Indeed, such is the swirl of dust from the demolition and construction that Sam De Santis has collected the residue from the building works and used it as pigment for tiny abstract paintings.

The Vic, the student bar that has seen generations of GSA students drink, dance and do some other stuff, is currently a teetering façade propped up by scaffolding. Holl insisted it survive the changes, but in its current fragile-looking state it has become a focus of inquiry for more than one student, from a simple scale model by Petter Yxell to a reconstruction of the bar’s interior and a documentary about its DJ history by Karin Bailie.

It’s a common graduation trick, this transformation of an unpromising cubicle or cubbyhole into a seamless simulated environment.

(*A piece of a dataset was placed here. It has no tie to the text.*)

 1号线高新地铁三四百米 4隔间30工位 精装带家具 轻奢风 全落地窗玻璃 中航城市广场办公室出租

My favourite this year is Emma McGarvey’s dingy club. A false brick wall pasted with posters, a drum kit and pair of Converse high tops don’t add up to much. But when, according to a schedule pinned to the wall, a succession of girl drummers come and do their stuff, the place promises to catch fire. “If a burd’s stunnin’ she’ll get a record deal, but if she’s a munter she wilnae,” reads one of McGarvey’s prints. Doesn’t seem to have discouraged McGarvey’s assembled crew of future Maureen Tuckers.

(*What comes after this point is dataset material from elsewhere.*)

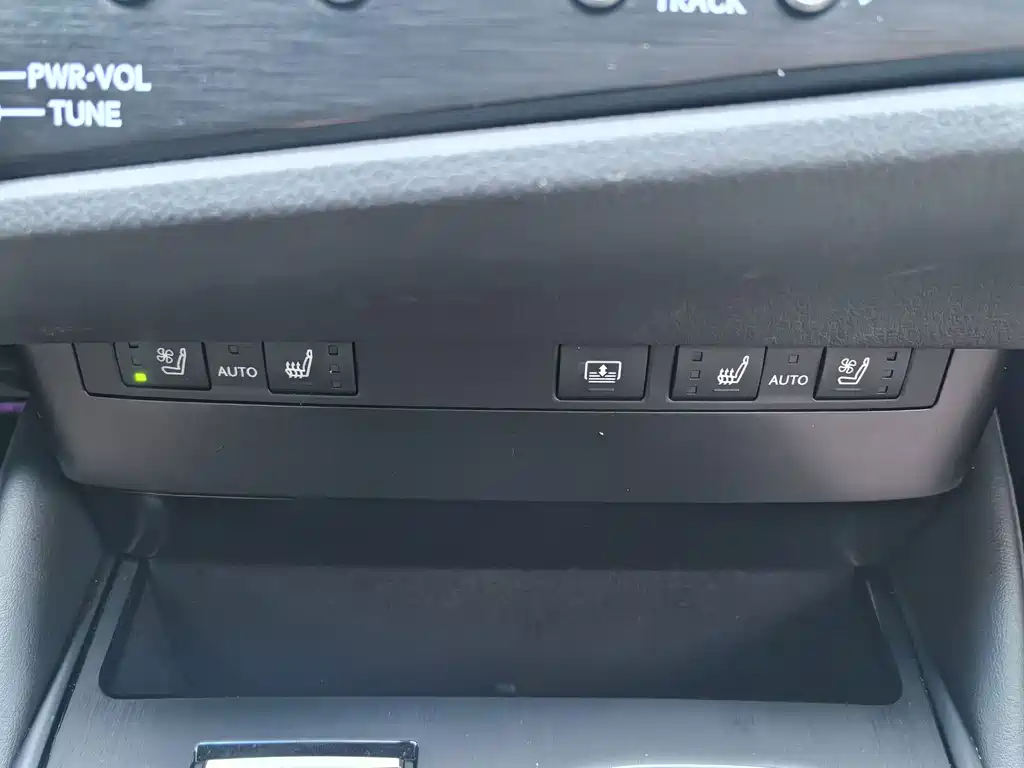 Lexus ES — миниатюра 24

There are other weird transformations too: Rosemary Shepley’s painstakingly assembled balls of feather that become bird-human hybrids, and Ruaridh Allen’s sculptures that take ambient sound and amplify it using simple structures hand built from carpet and concrete on the model of historic “sound mirrors”.

Of course, not all this transition is without accompanying pain. Alex Misick’s sequence of films has assembled some student assessment papers (one longs for them to be fictional, but I’m assured they are the real thing). They are read in actorly fashion as a camera pans slowly up and down a series of empty, bureaucratic chairs. The voice reads the student’s self-assessment and that of his or her teacher.

It’s agony. Shorn of the human kinship that can really make art education work, art school seems like a relentless Stalinist show trial or a grim Maoist re-education camp, with its group crits, its “try again, fail again” ethos. “Successes and difficulties are evident in equal measure,” says the authoritarian voice and the student must recant and start again.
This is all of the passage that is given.